Abad ini merupakan abad pertama islamisasi Asia Tenggara yang berbarengan dengan
masa merebaknya tasawuf abad pertengahan dan pertumbuhan tarekat. Beberapa tokoh
yang berpengaruh secara signifikan antara lain: al-Ghazali (450-505 H./1058-111
M.), Ibnu ‘Arabi (560-638 H./1164-1240 M.), serta para pendiri tarekat semisal
‘Abd. al-Qadir al-Jaylani (470-561 H./10771-165 M.), Abu al-Najib al-Suhrawardi
(490-563 H./1096–1167 M.), Najmudddin al-Kubra (w. 618 H./1221 M.), Abu al-
Hasan al-Syadzali (560-638 H./1196-1258 M.), Bahauddin al-Bukhari al-Naqsyabandi
(717-781 H./1317-1389 M.), dan ‘Abdullah al-Syattar (w. 832 H./1428 M.).
Islam yang diterima orang-orang Asia Tenggara yang pertama memeluk Islam
barangkali sangat diwarnai oleh berbagai ajaran dan amalan sufi.
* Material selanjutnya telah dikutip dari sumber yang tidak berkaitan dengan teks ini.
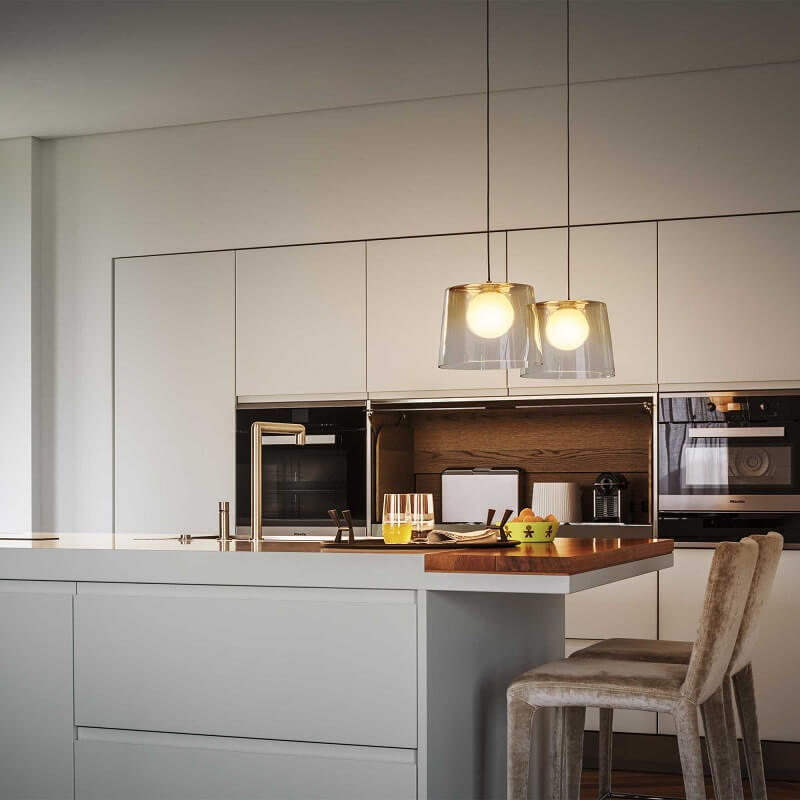 fade-ideal-lux-sospensione-in-vetro-ambra-ambiente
Di Indonesia
dan khususnya di Jawa, awal mula perkembangan agama (Islam) adalah dalam bentuk
yang sudah bercampur baur dengan unsur-unsur India dan Persia, terbungkus dalam
praktik-praktik keagamaan. Islam yang datang ke Indonesia dan khususnya di Jawa
adalah Islam yang bercorak sufistik. Para sufi (wali), ulama dan kyai di tanah
Jawa cenderung bersikap simpatik dan akomodatif terhadap tradisi budaya lokal.
B. MENGAPA FIKIH-SUFISTIK
Tasawuf yang berkembang pertama kali di abad XV Masehi sangat berbeda dengan
tasawuf yang dipahami dan berkembang luas di tengah masyarakat sekarang ini.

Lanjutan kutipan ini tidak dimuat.